Why Copper is an Infrastructure Play
Beyond the US Election: Investing in Infrastructure via Copper
That the US’s infrastructure is in dire need of repair and fixing it is perhaps the most prominent policy issue that both Clinton and Trump agreed upon. Many believe that repaving roads, expanding highways, improving railways and ports, and building out digital superhighways should make conducting business easier and faster and, in turn, stimulate the country’s GDP growth. Since the election, the markets have rewarded investments that are expected to benefit from Trump’s proposal to spend $1 trillion on rebuilding and expanding the US’s aging infrastructure.
How Are the Base Metals Performing Since the Election?
Base metals have been one such beneficiary, with five of the six major base metals registering positive returns, despite rising 10-year treasury yields and a strengthening dollar, which tend to have a negative impact on commodities. Some may be surprised to see that copper has been the best performer among the base metals, registering a 7.25% increase in spot prices since November 8th, while touching on 16-month highs and near records of open interest in copper futures.1
Why Has Copper Outperformed the Other Major Base Metals Since the Election?
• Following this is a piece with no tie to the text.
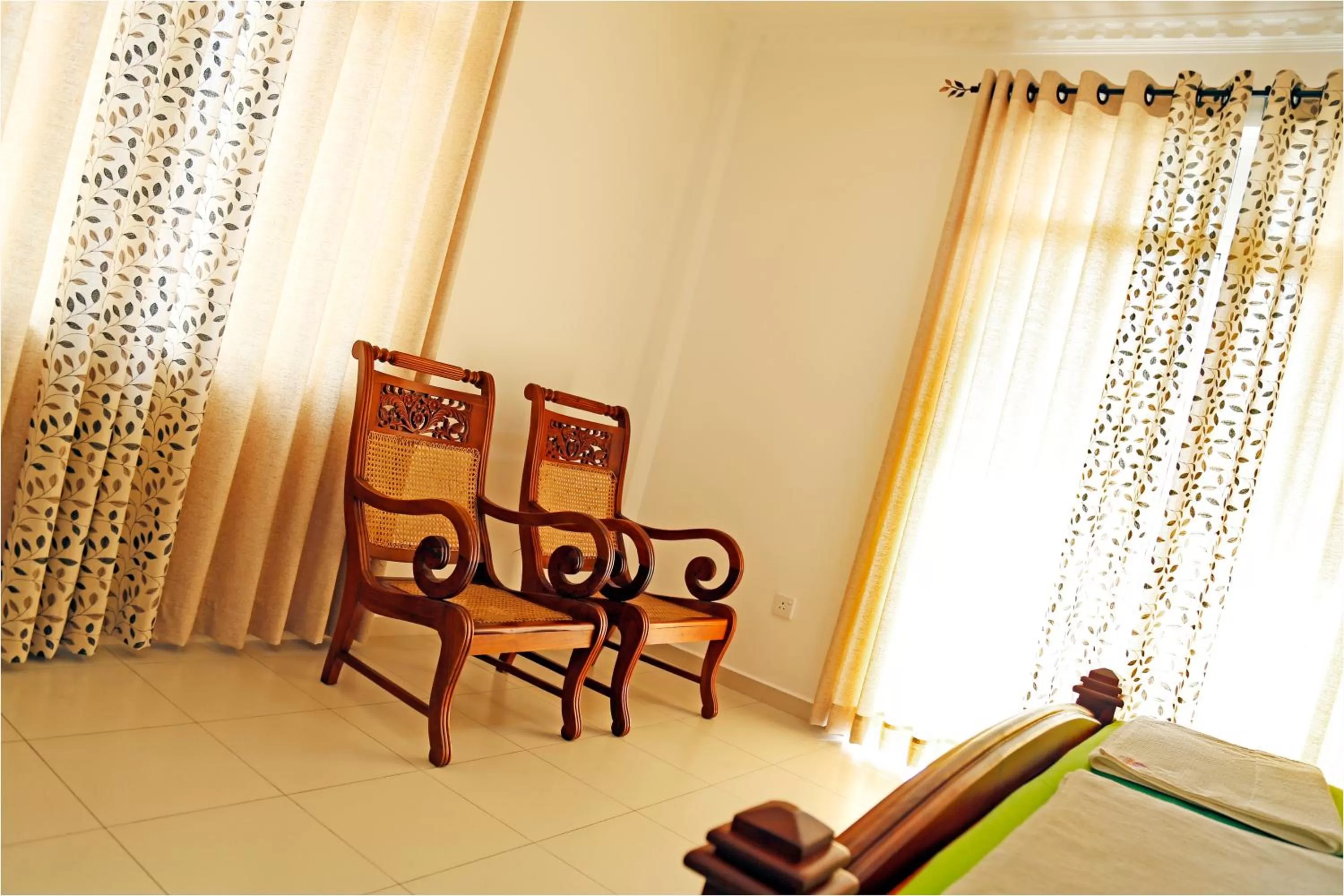 Living room, Seating Area in Ronaka Airport Transit Hotel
Copper is most widely used in electrical wiring given its properties as an excellent electrical conductor. Therefore, demand for the metal is most closely linked with growth in heavy machinery, consumer durables, electrical grids, and telecommunications. It is not known exactly what government support for new infrastructure will look like, but copper indirectly touches many of these improvements:
- Erecting new bridges, highways, and ports requires goliath machines to do the job.
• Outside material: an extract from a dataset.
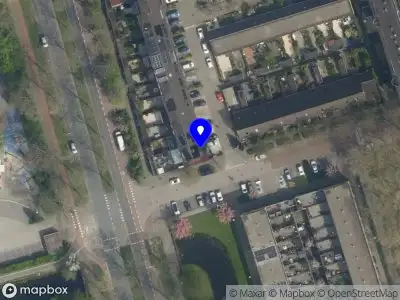 Ambulance met grote spoed naar de Cole Porterstraat in Delft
- Once completed, these new projects are likely to attract investments in new cars, trucks, trains, cargo ships, and airplanes, all of which use copper extensively.
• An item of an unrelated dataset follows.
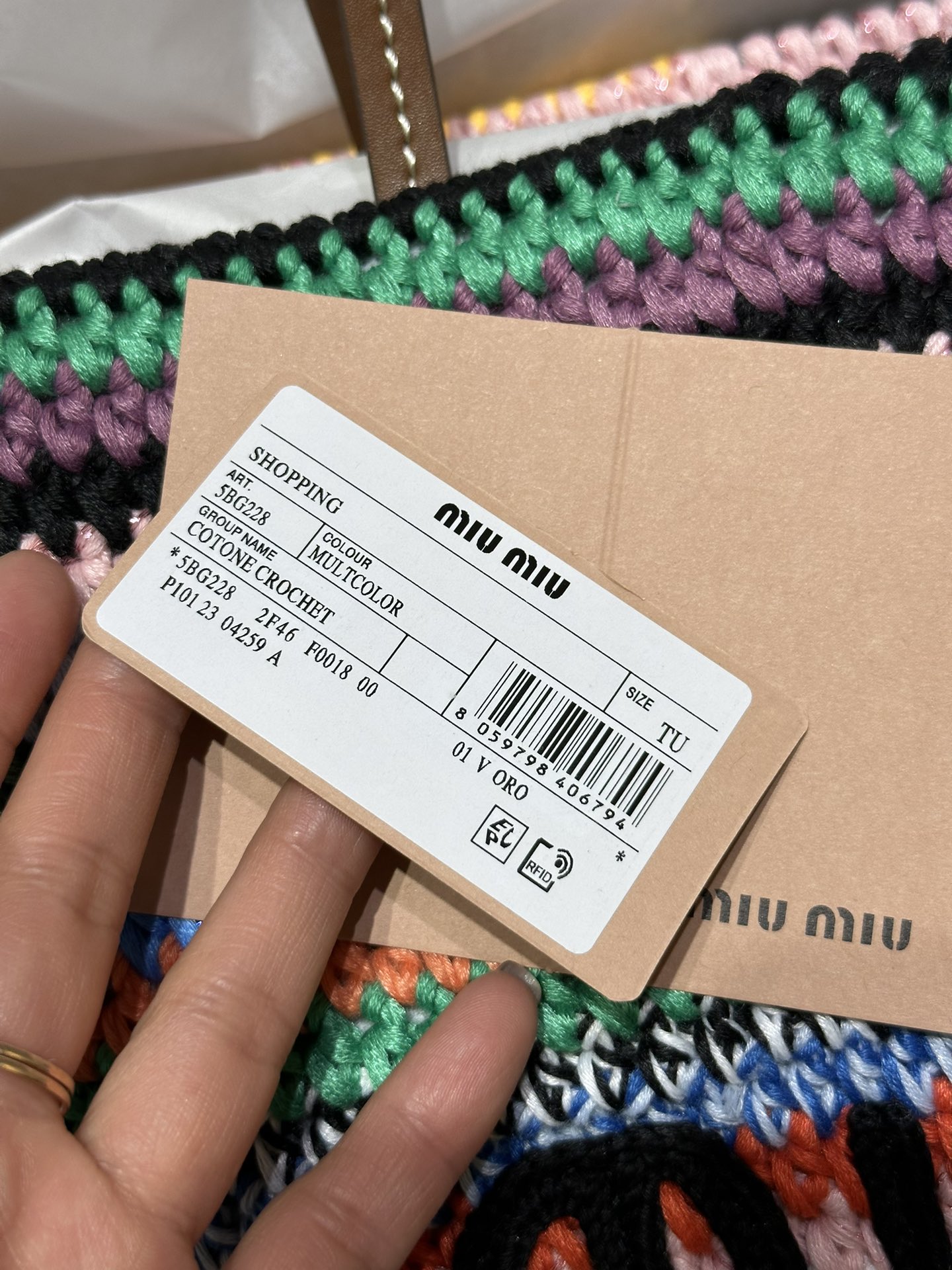 Miu Miu Rainbow color ~ The more than 20,000 woven bags on the cabinet are indeed very precious, and the whole bag is full of handmade feeling! !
- Should new infrastructure policies also focus on improving digital communications, copper is likely to see significant increases due to its prevalent use in wiring.
While the markets await more specific plans on what an infrastructure plan will look like – specifically, how much money and how it will be spent – copper remains one material that stands to potentially benefit from greater infrastructure investment, however those policies ultimately materialize.